Member of the Jharkhand Legislative Assembly
- Incumbent
- Assumed office 23 November 2024
- Preceded by: Dinesh William Marandi
- Constituency: Litipara
- In office 2009–2014
- Preceded by: Thomas Soren
- Succeeded by: Hemant Soren
- Constituency: Barhait
- In office 1990–2005
- Preceded by: Thomas Hansda
- Succeeded by: Thomas Soren
- Constituency: Barhait

Member of Parliament, Lok Sabha
- In office 16 May 2004 – 16 May 2009
- Preceded by: Thomas Hansda
- Succeeded by: Devidhan Besra
- Constituency: Rajmahal

Personal details
- Born: 22 August 1952 (age 73) Godda, Jharkhand
- Party: Jharkhand Mukti Morcha (since 2024)
- Other political affiliations: Bharatiya Janata Party (until 2024)
- Spouse: Meeru Soren
- Children: 2 sons and 2 daughters

= Hemlal Murmu =

Indian politician

Hemlal Murmu is a member of the 14th Lok Sabha of India.

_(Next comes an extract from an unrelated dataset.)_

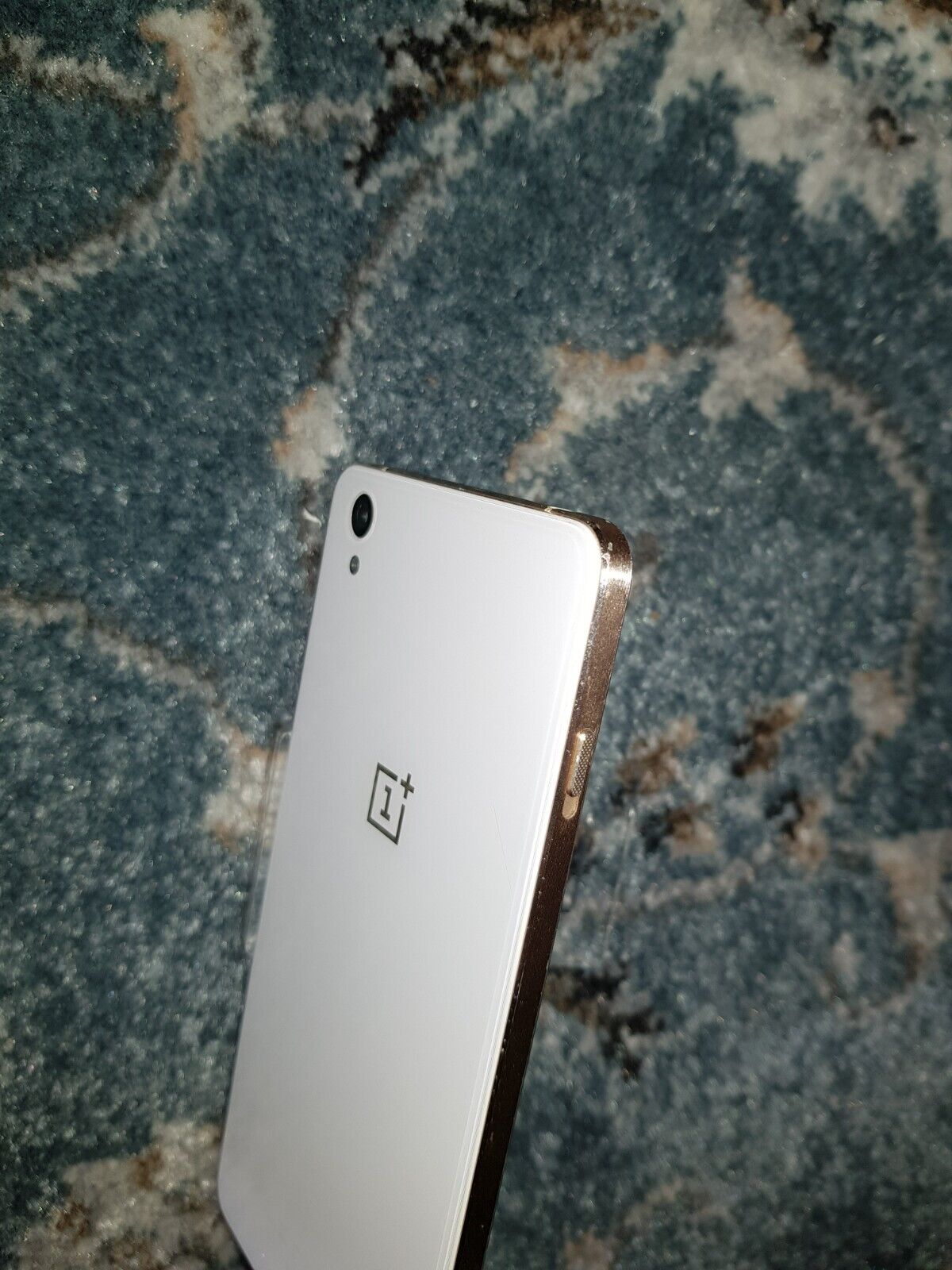 Picture 4 of 6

He represented the Rajmahal constituency of Jharkhand and was the Bharatiya Janata Party candidate from Rajmahal (Lok Sabha Constituency) in 2019. He left the party in 2023 and is currently a member of Jharkhand Mukti Morcha.

He is a member of the Jharkhand Legislative Assembly from 2024, representing Litipara as a Member of the Jharkhand Mukti Morcha.